Long ago, in the time before children (B.C.), I had hobbies.
I splotched paint on canvases. I wrote mediocre poetry. I attempted yoga poses. I sang in choirs. I read books that challenged my brain. I played the piano. I volunteered my eager little heart out. I wrote blog posts. I threw my time around like rainbow confetti.
In university I bravely explored the edges of the musical universe like Carl friggin Sagan, blissfully lingering in record shops then lying on my bedroom floor listening to obscure albums deep into the night.
In high school, I was the strange, artsy kid.
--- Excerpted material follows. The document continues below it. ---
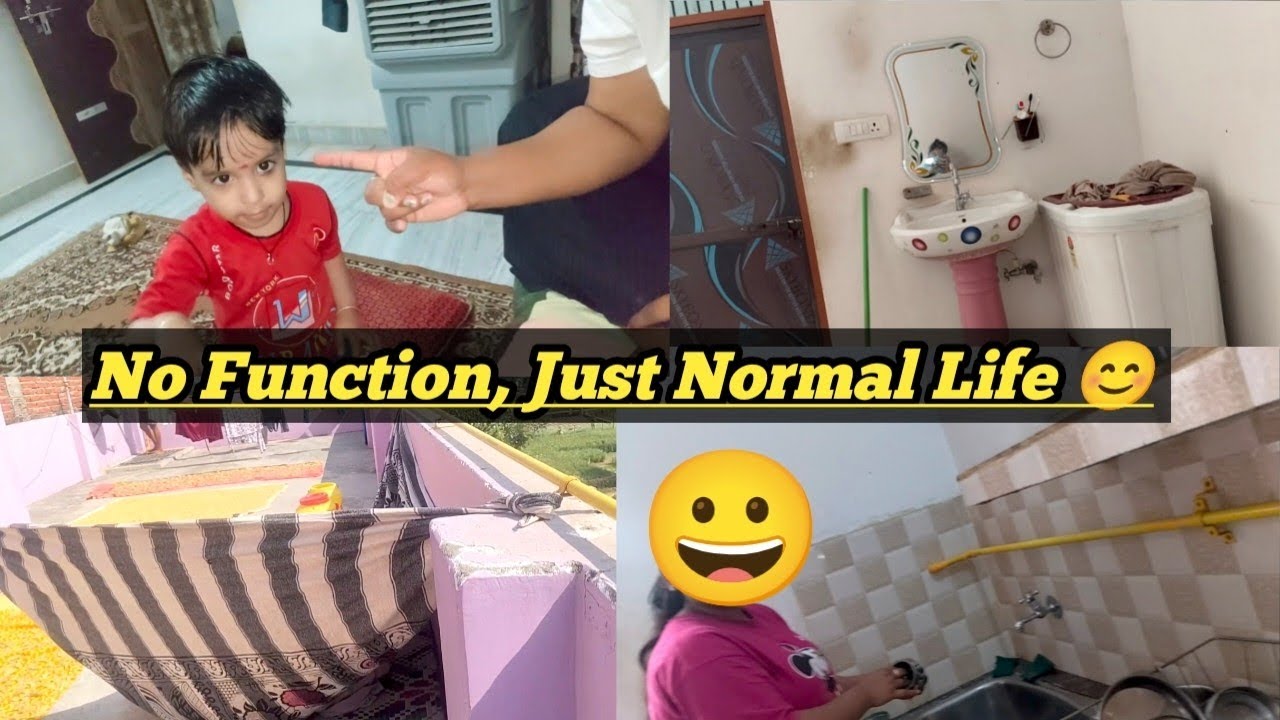 V_112  Ghar Grihasti Routine | Normal Life | Subah Se Raat Tak 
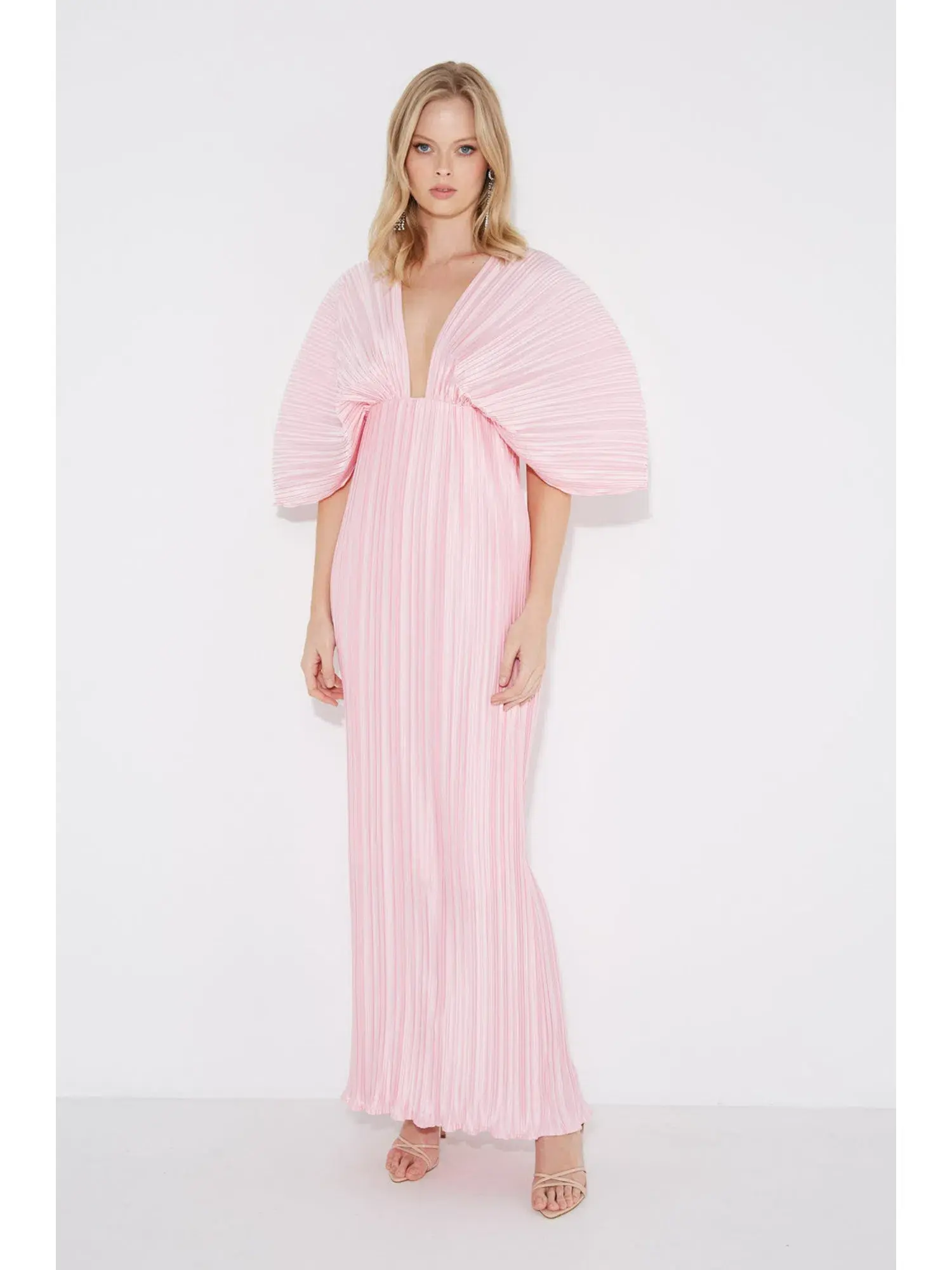 Sonya Moda Gianna Dress Pink Size AU 12 - Image 1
Flipping through sketchbooks from my teenage years is like going on an odyssey through the mind of a deranged addict. I never actually did drugs; I was just that weird. Here are some of my less freakish drawings from the year 2000, or about 20 years B.C.
It’s difficult to reconcile that willfully eccentric young person – her pink hair, scuffed Dr. Martens, pierced brow, and penchant for The Smiths – with the utterly boring (but admittedly reliable and fairly decent) adult I am today.
My transformation started long ago, with my first office gig, but parenthood certainly finished the job. Since April 2017 (when my son was born) most of my unpaid hours have been spent nurturing, feeding, and cleaning. There’s little time for eccentricity or art.
I love Arthur and Florence so much it makes my heart sore. They’re magnificent little humans. They make me laugh every day. I’m deeply grateful for them. I enjoy being a mother. But here’s a hard little nugget of truth: I’d like my identity to stretch beyond them.
So in August (as I lay awake at 4 a.m. wishing they would stop crying every two hours like an adorable but exhausting pair of dueling banjos) I resolved to have an Artistic Autumn. I would miraculously scrape together the time I needed to go on a creative journey—to see if I could dust off some old parts of myself.
I enrolled in painting classes with the Barrie Art Club. I signed up for a graphic design course at Georgian College. I committed to writing and playing the piano every single day.
Was it a midlife crisis? I think crisis is too strong a word. But yeah, probably. Was I going to let that fact stop me? Nope.
To save a few pennies, I asked my maman to unearth old gear from the most remote nooks of her basement. My acrylics had coagulated. My palette knife was rusty. But holding them in my hands felt like hugging old friends.
The night of my first physically distanced art class, my palms were damp as I pulled on my backpack and jammed some blank canvases under my armpits. JF is a great parent. I knew the kids were fine, but I felt guilty, nervous, and self-indulgent.
Those feelings intensified as I realized painting wasn’t at all like riding a bike. My eyes had forgotten how to mix colours. I couldn’t remember whether Bs or Hs were the darker pencils. My first piece was truly dreadful. I almost didn’t attend the second class.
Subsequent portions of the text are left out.